## ASSIGNMENT
Begin at the line containing "JLG Part # 080422GB" in the records below, end at the line containing "Zestaw Stół Prostokątny", and retype each line in that span exactly. No other line and no image should appear.

## THE INPUT
▬▬▬▬▬▬▬▬▬▬
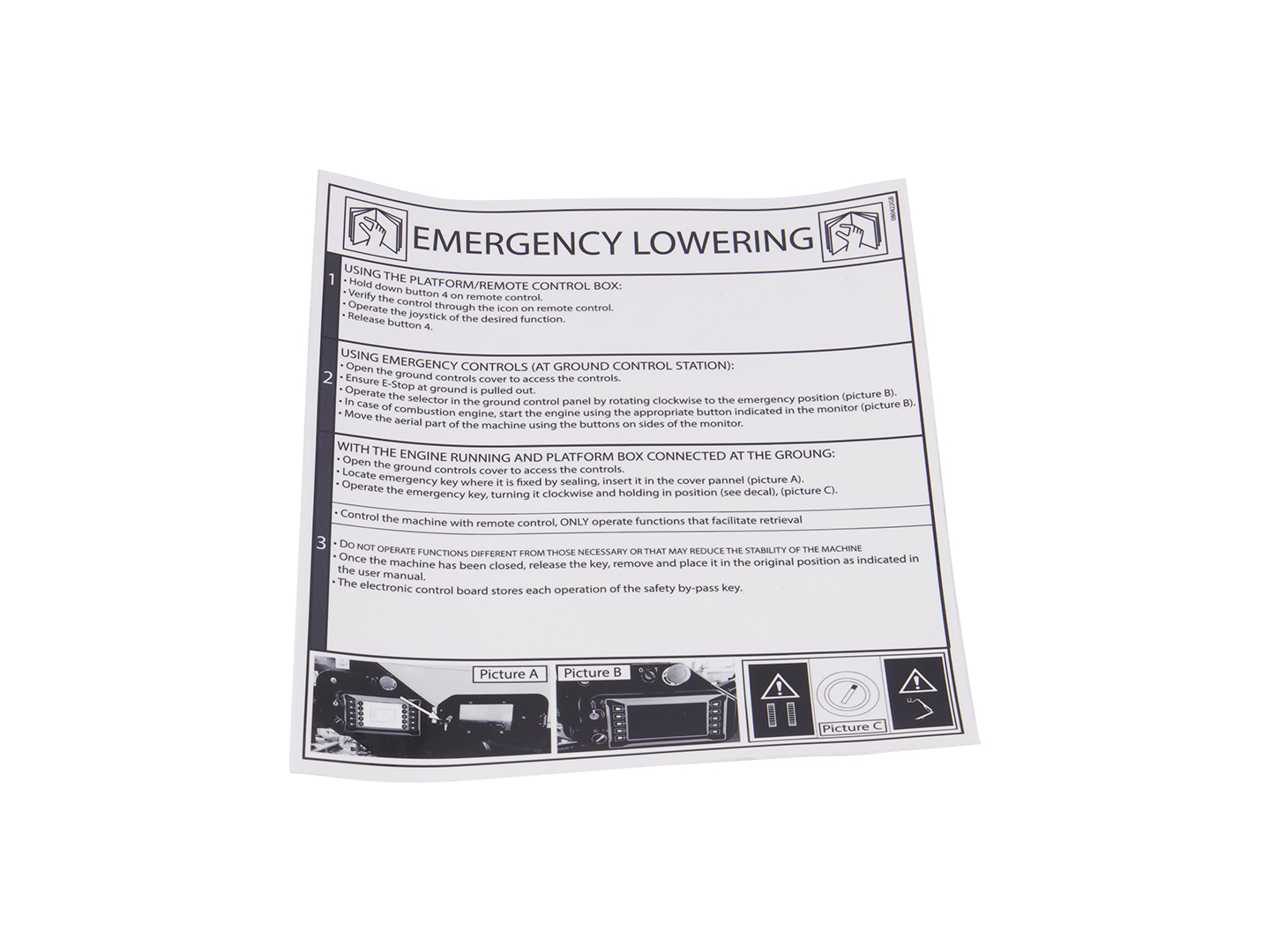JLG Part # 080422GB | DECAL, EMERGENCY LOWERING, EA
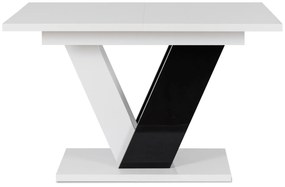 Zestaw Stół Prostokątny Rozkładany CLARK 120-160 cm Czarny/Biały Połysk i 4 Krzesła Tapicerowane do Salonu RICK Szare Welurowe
▬▬▬▬▬▬▬▬▬▬
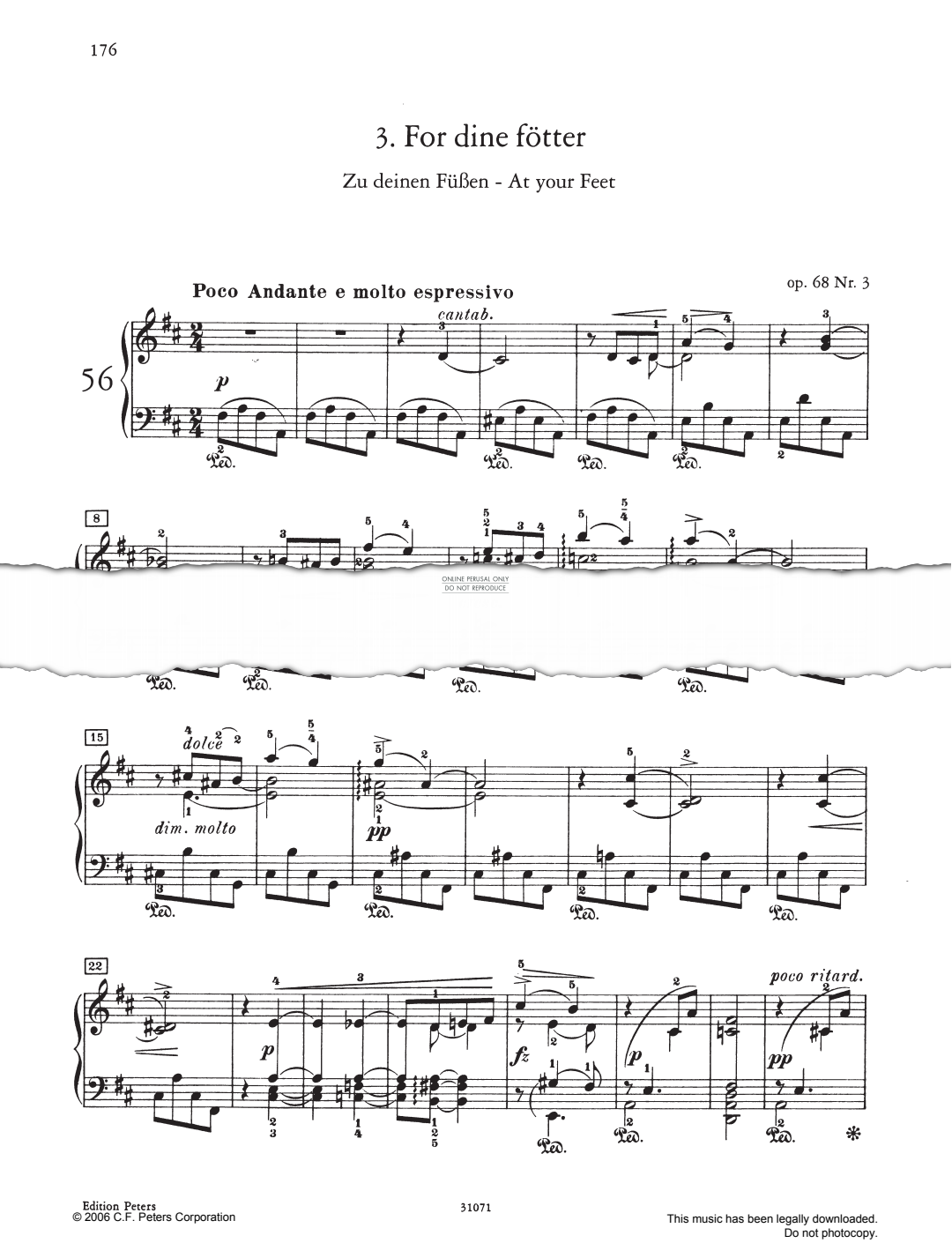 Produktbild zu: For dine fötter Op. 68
▬▬▬▬▬▬▬▬▬▬
## REPLY
JLG Part # 080422GB | DECAL, EMERGENCY LOWERING, EA
 Zestaw Stół Prostokątny Rozkładany CLARK 120-160 cm Czarny/Biały Połysk i 4 Krzesła Tapicerowane do Salonu RICK Szare Welurowe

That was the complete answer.